◆ EXERCISE GOAL ◆
In your copy, leave out the pictures and reproduce the listing below exactly.

◆ RECORDS SUPPLIED ◆
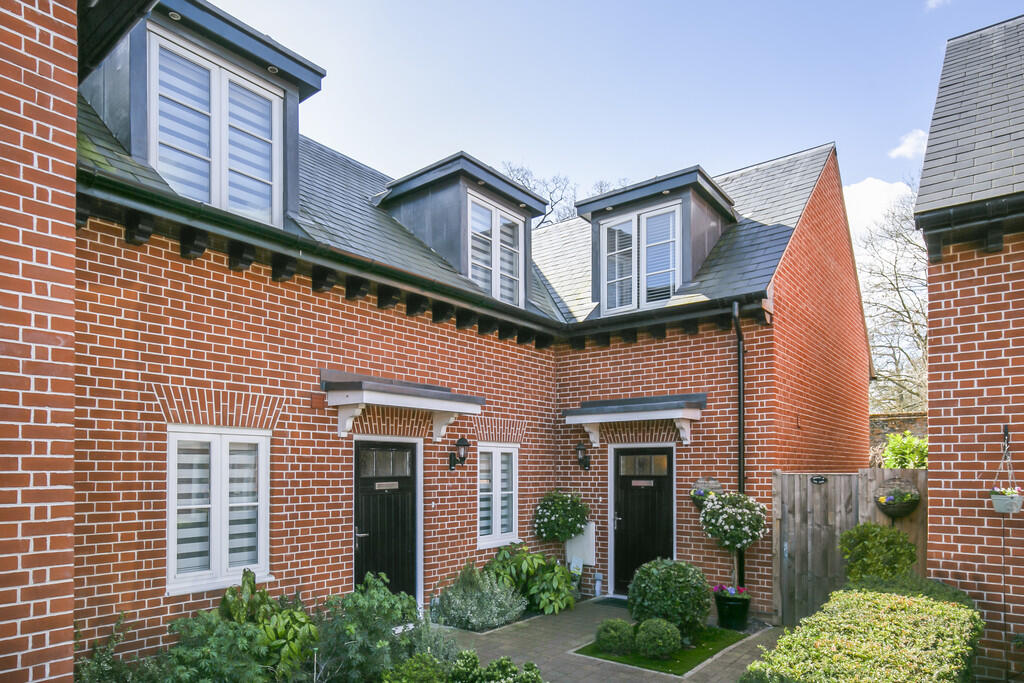 3 bed Semi Detached for rent in Hertford Heath. From Steven Oates - Hertford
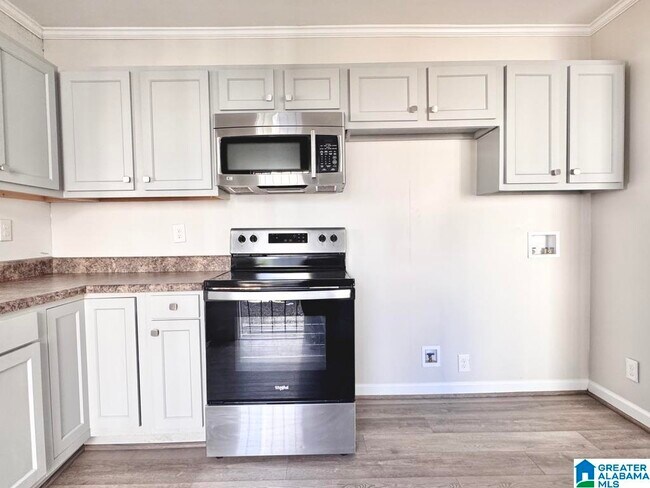 Building Photo - 5624 Avenue Q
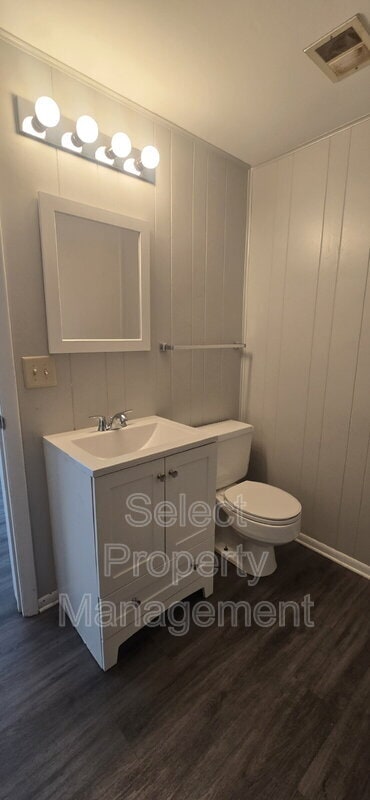 Foto del edificio - 5412 Scepter Ct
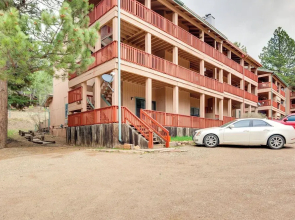 Angel Fire Condo < 1/2 Mi to Resort & Bike Park!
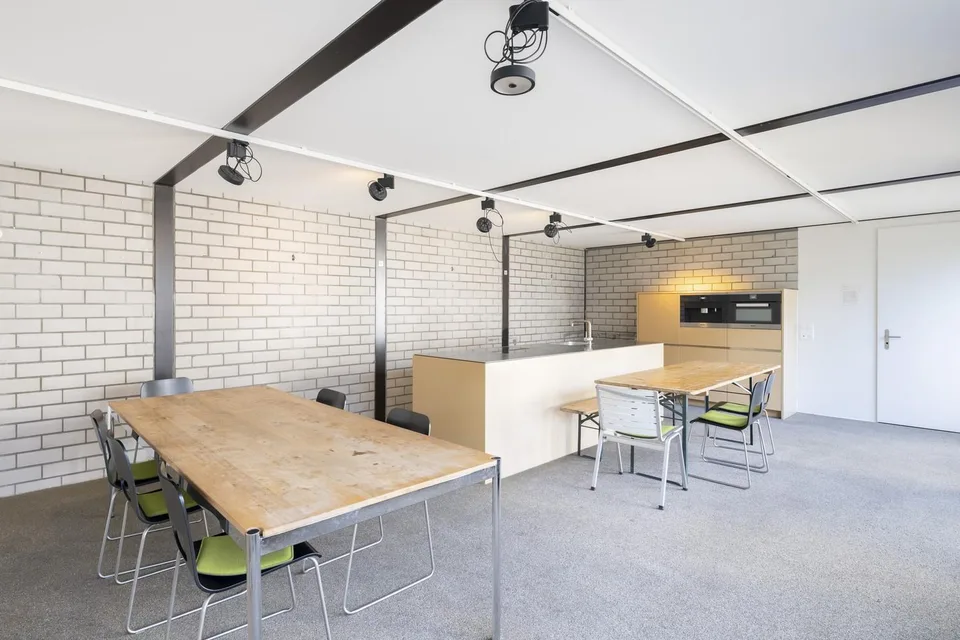 Ausgebaute und bezugsbereite Büro- und Gewerbeflächen – photo 6 sur 7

◆ WRITTEN RESPONSE ◆
 3 bed Semi Detached for rent in Hertford Heath. From Steven Oates - Hertford
 Building Photo - 5624 Avenue Q
 Foto del edificio - 5412 Scepter Ct
 Angel Fire Condo < 1/2 Mi to Resort & Bike Park!
 Ausgebaute und bezugsbereite Büro- und Gewerbeflächen – photo 6 sur 7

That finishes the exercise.